The Washington Post report quoted Elizabeth Economy, a fellow at the Council on Foreign Relations and author of "The River Runs Black: The Environmental Challenges to China's Future," as saying that, this time "the commitment, the profile, the energy behind Beijing's environmental protection efforts far exceeds anything we've seen in China's history.

"It's not about new ideas, but about enforcement. . . . What is changing are the incentives or disincentives, " Economy told the Washington Post.

In 2007, some Chinese cities are taking measures that show that their officials are beginning to make the environment a higher priority than raising their GDP, a fundamental shift in thinking for a country that can attribute much of its early-stage development to being the place to which others outsourced their pollution, the Washington Post report said.

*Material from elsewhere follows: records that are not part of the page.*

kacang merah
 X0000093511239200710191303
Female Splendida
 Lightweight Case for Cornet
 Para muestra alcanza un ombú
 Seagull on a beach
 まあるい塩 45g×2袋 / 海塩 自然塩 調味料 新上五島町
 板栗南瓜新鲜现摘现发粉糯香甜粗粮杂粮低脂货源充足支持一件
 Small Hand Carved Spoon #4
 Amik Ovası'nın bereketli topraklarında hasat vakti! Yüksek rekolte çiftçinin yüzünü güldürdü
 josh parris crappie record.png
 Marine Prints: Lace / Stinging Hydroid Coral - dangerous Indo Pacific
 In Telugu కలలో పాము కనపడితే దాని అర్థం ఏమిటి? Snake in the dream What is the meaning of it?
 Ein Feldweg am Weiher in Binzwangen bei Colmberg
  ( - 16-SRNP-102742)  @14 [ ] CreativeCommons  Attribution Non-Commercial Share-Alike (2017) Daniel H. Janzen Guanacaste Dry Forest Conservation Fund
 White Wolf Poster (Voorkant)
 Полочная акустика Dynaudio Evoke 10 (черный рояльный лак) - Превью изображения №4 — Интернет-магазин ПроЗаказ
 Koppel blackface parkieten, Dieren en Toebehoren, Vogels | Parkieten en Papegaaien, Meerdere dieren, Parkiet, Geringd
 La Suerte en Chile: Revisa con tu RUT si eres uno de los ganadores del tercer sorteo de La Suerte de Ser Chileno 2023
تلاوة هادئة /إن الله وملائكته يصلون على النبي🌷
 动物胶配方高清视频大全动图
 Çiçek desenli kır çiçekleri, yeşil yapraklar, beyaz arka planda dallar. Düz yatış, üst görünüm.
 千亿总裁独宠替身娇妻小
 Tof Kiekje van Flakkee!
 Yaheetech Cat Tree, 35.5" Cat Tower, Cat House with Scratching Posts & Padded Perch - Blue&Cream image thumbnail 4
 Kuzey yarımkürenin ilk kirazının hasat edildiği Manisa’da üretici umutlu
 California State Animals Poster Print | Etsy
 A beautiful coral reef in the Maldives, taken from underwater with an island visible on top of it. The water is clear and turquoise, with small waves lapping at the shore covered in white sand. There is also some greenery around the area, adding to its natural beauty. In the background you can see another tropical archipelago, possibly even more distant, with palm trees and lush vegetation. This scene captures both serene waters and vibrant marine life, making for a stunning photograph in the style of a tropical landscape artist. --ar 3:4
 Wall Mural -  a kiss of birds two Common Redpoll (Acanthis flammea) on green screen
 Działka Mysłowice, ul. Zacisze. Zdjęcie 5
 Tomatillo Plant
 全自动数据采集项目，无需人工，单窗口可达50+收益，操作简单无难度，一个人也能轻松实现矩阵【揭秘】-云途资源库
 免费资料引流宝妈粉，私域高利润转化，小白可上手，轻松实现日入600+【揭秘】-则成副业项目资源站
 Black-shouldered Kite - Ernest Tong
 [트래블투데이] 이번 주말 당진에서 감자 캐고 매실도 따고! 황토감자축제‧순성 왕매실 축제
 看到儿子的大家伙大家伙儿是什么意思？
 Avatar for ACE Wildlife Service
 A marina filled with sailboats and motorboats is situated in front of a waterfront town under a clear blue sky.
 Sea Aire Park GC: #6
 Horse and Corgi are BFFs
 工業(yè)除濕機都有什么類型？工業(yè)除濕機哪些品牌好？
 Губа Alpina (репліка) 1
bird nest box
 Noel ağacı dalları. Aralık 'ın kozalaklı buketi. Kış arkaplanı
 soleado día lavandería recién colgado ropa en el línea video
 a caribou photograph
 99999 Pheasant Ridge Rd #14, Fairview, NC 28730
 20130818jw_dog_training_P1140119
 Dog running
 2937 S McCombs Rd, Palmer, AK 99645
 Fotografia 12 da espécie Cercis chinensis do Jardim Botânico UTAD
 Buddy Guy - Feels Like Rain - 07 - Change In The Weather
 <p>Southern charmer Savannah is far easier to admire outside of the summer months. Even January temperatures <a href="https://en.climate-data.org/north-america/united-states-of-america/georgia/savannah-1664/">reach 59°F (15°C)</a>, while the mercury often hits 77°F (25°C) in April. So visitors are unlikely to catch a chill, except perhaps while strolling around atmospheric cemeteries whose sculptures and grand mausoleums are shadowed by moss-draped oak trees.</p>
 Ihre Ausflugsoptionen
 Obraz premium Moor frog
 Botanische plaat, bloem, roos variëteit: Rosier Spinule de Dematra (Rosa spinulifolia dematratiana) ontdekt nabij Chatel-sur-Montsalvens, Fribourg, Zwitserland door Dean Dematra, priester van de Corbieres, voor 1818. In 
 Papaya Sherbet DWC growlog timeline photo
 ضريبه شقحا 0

And, the State Environmental Protection Administration (SEPA), a cabinet ministry of the State Council, now is empowered with more teeth. It has armed local governments with new tools for punishing polluters. Chinese banks now have the right to deny loans to polluting companies, which are on SPEA's polluters blacklist.

And, SEPA officials are able to force violators to issue humiliating public apologies in newspapers or television announcements detailing their crimes. Also, utility companies are empowered to raise electricity, gas or water rates for companies that consume too many resources.

The result has been devastating for a growing number of companies, the Washington Post reported.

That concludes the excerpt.